Hisense Group, China's largest television manufacturer, plans to acquire up to 26% in Epack Durable’s subsidiary, Epack Manufacturing Technologies, to enhance its manufacturing presence in India. Epack is establishing a facility in Sri City, Andhra Pradesh, to produce appliances under the Hisense brand. Ajay DD Singhania, managing director of Epack, noted that this partnership aims for significant growth and export potential. The collaboration could generate nearly $1 billion in revenue over five years, aligning with the trend of Chinese companies partnering with Indian firms.
Hisense Group, recognized as China’s largest television producer and a key player in the appliance sector, is preparing to acquire a stake of up to 26% in Epack Durable’s wholly owned subsidiary. This strategic move promises to enhance manufacturing capabilities in India.
Epack is in the process of establishing a significant manufacturing facility in Sri City, Andhra Pradesh, aimed at producing air conditioners, refrigerators, washing machines, and small domestic appliances under the Hisense brand. The facility will be developed by Epack Manufacturing Technologies, the new subsidiary where Hisense plans to invest.
"Hisense is in talks to buy up to 26% equity in Epack Manufacturing Technologies,” stated Ajay DD Singhania, managing director of Epack Durable. “They have big plans for India and want to even export. There will be a component vendor park too. We have applied for 80-100 acres for the land in Sri City, and total investment plans are still under finalisation,” he elaborated.
While Singhania refrained from disclosing Epack's valuation or the specifics of the proposed investment, the collaboration is poised to benefit both companies significantly.
Hisense joins a growing list of Chinese firms, including MG Motor, Vivo, and Haier, that are forging partnerships with Indian companies. This trend aligns with the Indian government’s encouragement for foreign entities to establish equity alliances to enhance their presence in the market.
The company intends to seek foreign direct investment (FDI) approval for the deal shortly, as required under current regulations for investments from neighboring countries like China.
Acquiring a stake in Epack is crucial for Hisense, allowing it to bring its advanced technologies and production expertise to India. The companies signed a contract manufacturing agreement in October, which Hisense seeks to strengthen through this investment.
Industry estimates suggest that the planned facility will require a total investment of between ₹800 crore and ₹1,000 crore, spread over various phases.
Epack, which achieved sales of ₹1,419 crore in FY24, is India’s second largest contract manufacturer of air conditioners, providing services for well-known brands such as Daikin, Voltas, Panasonic, Haier, and Blue Star. It is currently revamping one of its existing plants with a ₹250 crore investment to start AC production for Hisense, projected to become operational by mid-2024.
Singhania anticipates that the partnership with Hisense could generate additional revenue of nearly $1 billion over the next five years.
Currently, Hisense sells televisions in India through e-commerce platforms, with production handled by contract manufacturers like Dixon Technologies and Bhagwati Products, affiliated with Micromax. The company is also expanding into offline retail sales.

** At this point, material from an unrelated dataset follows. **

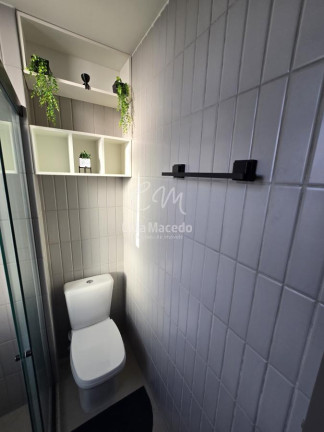 Imagem Flat com 1 Quarto à Venda, 24 m² em Intermares - Cabedelo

An industry insider indicated that Hisense plans to pursue a similar equity arrangement for television manufacturing, contingent upon obtaining FDI approval for the Epack investment. This trend of minority equity partnerships between Chinese and Indian firms is becoming a favored approach for foreign investments in India.
In a related development, Haier India applied last year to invest ₹1,000 crore in a new factory, a proposal still awaiting government clearance. To navigate the investment landscape, Haier is considering selling up to a 49% stake to an Indian partner to facilitate its manufacturing plans.